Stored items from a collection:
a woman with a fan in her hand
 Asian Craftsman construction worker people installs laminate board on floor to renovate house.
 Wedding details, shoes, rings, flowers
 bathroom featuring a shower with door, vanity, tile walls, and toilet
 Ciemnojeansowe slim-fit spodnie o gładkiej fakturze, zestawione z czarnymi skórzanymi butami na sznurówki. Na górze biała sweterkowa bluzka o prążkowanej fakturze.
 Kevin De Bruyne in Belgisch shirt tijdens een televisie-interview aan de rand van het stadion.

YOUR GOAL =
Having read the records, return each one exactly.

PROBLEM SOLUTION =
a woman with a fan in her hand
 Asian Craftsman construction worker people installs laminate board on floor to renovate house.
 Wedding details, shoes, rings, flowers
 bathroom featuring a shower with door, vanity, tile walls, and toilet
 Ciemnojeansowe slim-fit spodnie o gładkiej fakturze, zestawione z czarnymi skórzanymi butami na sznurówki. Na górze biała sweterkowa bluzka o prążkowanej fakturze.
 Kevin De Bruyne in Belgisch shirt tijdens een televisie-interview aan de rand van het stadion.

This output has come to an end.